By Nide Zimemo, Frazier Park
I was born and raised in a small town in the Eastern Cape Province of South Africa, formerly known as the Transkei. My small town of Butterworth was an hour away from the village Qunu where Nelson Mandela was born, raised and is now being laid to rest.
Mandela and I share the same tribal heritage, the Thembu tribe. This means we shared the same traditional attires, folk stories, traditional cuisine and practices. We speak the same dialect of Xhosa, out of 11 official languages in South Africa.
I remember the day in 1990 when Nelson Mandela came out of prison. I was nine years old. My family, friends and neighbors packed my mother’s house to witness his release live on television. I remember the keenness of silence that filled my living room. You could hear a pin drop when he began his first speech outside of prison. The tears rolling down the faces of the adults made me pay attention. I realized this was an important moment, yet the full meaning had not yet penetrated to me.
Fast forward four years, during the election period. My mother was busy organizing transportation for family, friends and neighbors to make sure they could all make it to the polls to vote.
There was joy, laughter and a nervousness about this election day in South Africa. This time there was less confusion for me. I was 13. I could not vote, but there was no doubt for whom all these people around me were going to vote. Still, even then, I was not sure why everyone was making such a big deal.
When I turned 18 years old I volunteered for a student exchange program in Germany. This would be my first international trip. As a matter of fact, I would be the first in my family who had ever gone on an international trip. I was nervous to leave my home behind to enter a world where no one in my family had ever traveled. That scared me, but not enough to back down.
I remember the day of departure. We were a group of about 20 students from all over South Africa. We were all standing in a line to check in at the airport. I was the only black student on that trip. The rest of the group was white.

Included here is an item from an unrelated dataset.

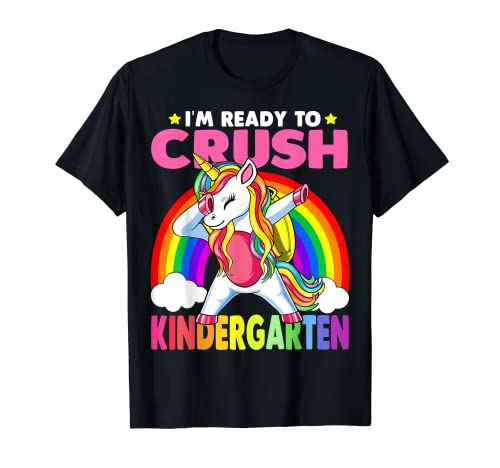 Crush Kindergarten Dabbing Unicorn Regreso a la Escuela Niñas Regalo Camiseta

I was clutching my passport tightly because my mother had instilled the fear in me that if I lost my passport, I would never be able to come back home again. As I looked around at my peers, it struck me to the core when I realized that they were all carrying the older, bluish-colored passports of apartheid—the passports that black people had never been allowed to have.
Up until that moment I was under the impression that we were all traveling abroad for the first time. As I listened more closely to their conversations, I could hear the girls giggling and exchanging stories of their past holidays when they had traveled to America and other parts of the world with their families.
They continued to boast about how many stamps they had in their bluish passports. I looked down at my own passport, clutched so tightly in my hand. It was green, shiny and brand new, a post-apartheid-era passport without a single travel stamp in it.
Suddenly I was overwhelmed by anger and jealousy. Up until that moment I had believed that every South African’s holiday consisted of going to the beach and visiting grandma’s house.
The citizens holding those bluish-colored passports had enjoyed the freedom to travel anywhere in the world since they were born.
My family had not had that same freedom. This realization tore my heart to shreds. I remember that moment as surreal and dramatic. It had a profound impact on me. Until that instant I had not realized what Nelson Mandela had done for me. Now I understood. This was the freedom everyone had been talking about.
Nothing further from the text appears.